Je mets un point d’interrogation à cette affirmation, car si l’humain restera indispensable, voire incontournable dans nombre de transactions, il est clair que son rôle dans les échanges tendra à diminuer dans certaines tâches, mais à augmenter dans d’autres. La bataille économique est telle entre les entreprises et la puissance de l’IA mais si pleine de promesses, qu’il est probable que de nombreux métiers où l’humain est requis pour une transaction disparaîtront, et d’abord pour des raisons de coûts : on le voit déjà avec les caissières, mais demain, même des métiers de conseil seront touchés. A quoi me sert mon conseiller bancaire s’il ne lui reste plus comme rôle que de me lire le résultat d’algorithmes sur son ordinateur lorsque je lui demande un prêt ? Pourquoi aurais-je besoin d’un vendeur en magasin si une borne (ou même mon smartphone) permet de mieux me renseigner que lui ne peut le faire ?

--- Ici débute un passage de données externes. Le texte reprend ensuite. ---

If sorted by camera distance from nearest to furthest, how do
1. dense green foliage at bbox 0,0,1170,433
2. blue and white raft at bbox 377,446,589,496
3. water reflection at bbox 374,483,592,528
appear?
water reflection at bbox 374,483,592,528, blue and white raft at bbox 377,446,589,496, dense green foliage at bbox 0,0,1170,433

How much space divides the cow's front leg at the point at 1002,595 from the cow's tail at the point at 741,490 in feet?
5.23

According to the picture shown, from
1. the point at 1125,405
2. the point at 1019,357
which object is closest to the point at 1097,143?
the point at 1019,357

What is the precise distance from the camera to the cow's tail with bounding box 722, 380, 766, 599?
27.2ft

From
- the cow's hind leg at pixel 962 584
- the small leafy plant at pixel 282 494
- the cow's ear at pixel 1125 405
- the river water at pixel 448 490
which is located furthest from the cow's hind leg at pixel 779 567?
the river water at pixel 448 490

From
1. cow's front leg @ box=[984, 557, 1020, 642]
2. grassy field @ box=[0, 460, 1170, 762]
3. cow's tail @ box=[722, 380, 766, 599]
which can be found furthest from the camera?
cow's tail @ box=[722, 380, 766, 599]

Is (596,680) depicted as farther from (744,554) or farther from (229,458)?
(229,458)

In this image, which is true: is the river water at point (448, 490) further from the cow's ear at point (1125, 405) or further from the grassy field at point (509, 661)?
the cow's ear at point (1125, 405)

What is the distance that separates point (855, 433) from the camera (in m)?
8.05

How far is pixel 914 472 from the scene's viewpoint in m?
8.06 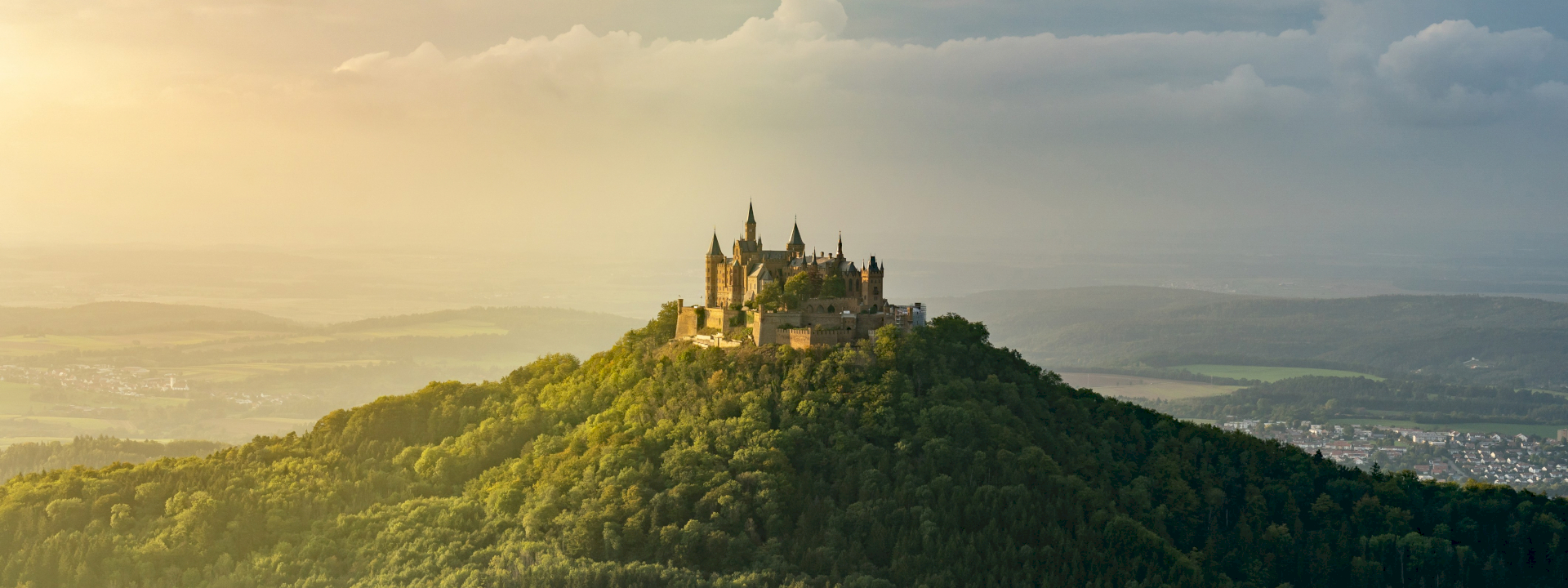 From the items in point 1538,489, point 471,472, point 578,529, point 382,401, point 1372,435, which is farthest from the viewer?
point 1372,435

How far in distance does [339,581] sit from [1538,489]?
13818 cm

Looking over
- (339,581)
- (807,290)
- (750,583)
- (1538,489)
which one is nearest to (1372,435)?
(1538,489)

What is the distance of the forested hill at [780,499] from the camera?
7150 cm

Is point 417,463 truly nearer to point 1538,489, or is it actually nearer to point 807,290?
point 807,290

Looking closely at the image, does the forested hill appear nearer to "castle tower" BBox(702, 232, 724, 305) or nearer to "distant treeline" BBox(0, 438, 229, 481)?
"castle tower" BBox(702, 232, 724, 305)

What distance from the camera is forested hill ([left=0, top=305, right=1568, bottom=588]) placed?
2815 inches

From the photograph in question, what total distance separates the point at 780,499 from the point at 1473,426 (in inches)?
6413

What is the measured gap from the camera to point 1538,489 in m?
148

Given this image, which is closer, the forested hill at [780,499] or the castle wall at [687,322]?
the forested hill at [780,499]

D’un autre côté, difficile d’imaginer un monde sans humains. Nous avons tous besoin de la relation humaine pour vivre. Il y a donc fort à parier que si les machines vont le suppléer ou le remplacer dans de nombreuses tâches, il aura un rôle à jouer dans la résolution ultime des problèmes, dans l’animation des lieux de vente, dans la relation client quand la complexité de la transaction sera trop forte ou que le besoin de rassurance nécessitera de la “chair et des os” pour être accomplis.

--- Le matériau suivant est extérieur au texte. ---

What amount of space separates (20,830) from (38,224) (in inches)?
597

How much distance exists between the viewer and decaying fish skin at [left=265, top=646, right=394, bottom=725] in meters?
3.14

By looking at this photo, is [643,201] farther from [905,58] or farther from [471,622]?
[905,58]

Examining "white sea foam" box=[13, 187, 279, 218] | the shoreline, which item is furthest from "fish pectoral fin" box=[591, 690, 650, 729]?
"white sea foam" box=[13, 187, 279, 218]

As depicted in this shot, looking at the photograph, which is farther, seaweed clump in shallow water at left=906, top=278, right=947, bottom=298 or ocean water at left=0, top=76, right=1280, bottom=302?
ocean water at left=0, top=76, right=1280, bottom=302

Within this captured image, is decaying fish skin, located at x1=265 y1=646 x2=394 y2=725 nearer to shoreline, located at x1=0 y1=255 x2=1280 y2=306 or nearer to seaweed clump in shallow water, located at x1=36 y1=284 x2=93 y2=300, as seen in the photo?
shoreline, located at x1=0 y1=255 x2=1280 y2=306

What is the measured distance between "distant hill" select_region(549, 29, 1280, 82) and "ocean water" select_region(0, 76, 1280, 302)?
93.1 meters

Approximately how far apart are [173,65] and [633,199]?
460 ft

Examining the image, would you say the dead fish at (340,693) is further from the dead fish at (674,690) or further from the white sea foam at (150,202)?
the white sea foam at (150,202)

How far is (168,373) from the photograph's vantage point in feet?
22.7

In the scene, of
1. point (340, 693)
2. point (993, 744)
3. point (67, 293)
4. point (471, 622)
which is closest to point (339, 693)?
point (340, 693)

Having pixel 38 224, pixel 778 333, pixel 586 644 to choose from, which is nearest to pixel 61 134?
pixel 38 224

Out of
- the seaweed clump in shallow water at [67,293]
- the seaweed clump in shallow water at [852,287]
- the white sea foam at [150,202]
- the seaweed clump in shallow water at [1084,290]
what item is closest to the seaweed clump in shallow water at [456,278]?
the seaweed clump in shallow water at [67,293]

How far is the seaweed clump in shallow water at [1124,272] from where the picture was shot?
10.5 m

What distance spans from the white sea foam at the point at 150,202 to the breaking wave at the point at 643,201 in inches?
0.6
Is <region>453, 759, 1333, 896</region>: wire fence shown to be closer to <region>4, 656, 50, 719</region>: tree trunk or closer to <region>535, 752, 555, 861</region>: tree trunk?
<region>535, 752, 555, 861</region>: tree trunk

Concevoir les nouvelles expériences utilisateurs

Devant une telle complexité, il faut être équipé de nouveaux outils. Certains existent déjà, d’autres sont en train d’apparaître. Mais en tout état de cause, ces outils devront pouvoir aider à prendre les bonnes décisions pour concevoir les bons parcours utilisateurs/clients. Et qui dit bonnes décisions, dit aussi bonne analyse et bonne mesure. Or, dans les études, l’UX est une donnée encore rarement mesurée. Faute de prise de conscience, mais aussi faute d’outils adéquats. C’est pour cela que le 5 avril cette année, à Lille, nous organisons le Nord Conversion Day​ autour de cette thématique : comment mesurer l’UX ? Comment évaluer l’expérience utilisateur/client ? Avec quels moyens ? Et comment intégrer cette mesure à la mesure de la satisfaction client ?

Sans cette connaissance, sans cette visibilité, alors toutes les belles méthodes de conception centrée utilisateur ressembleront à ce que sont souvent les actions au sein des nouvelles disciplines : de l’improvisation, de l’instinct, de l’empirisme et du feeling. Mais comme l’avenir le démontre, si l’on veut maîtriser la question de l’expérience utilisateur, alors il va falloir passer à autre chose.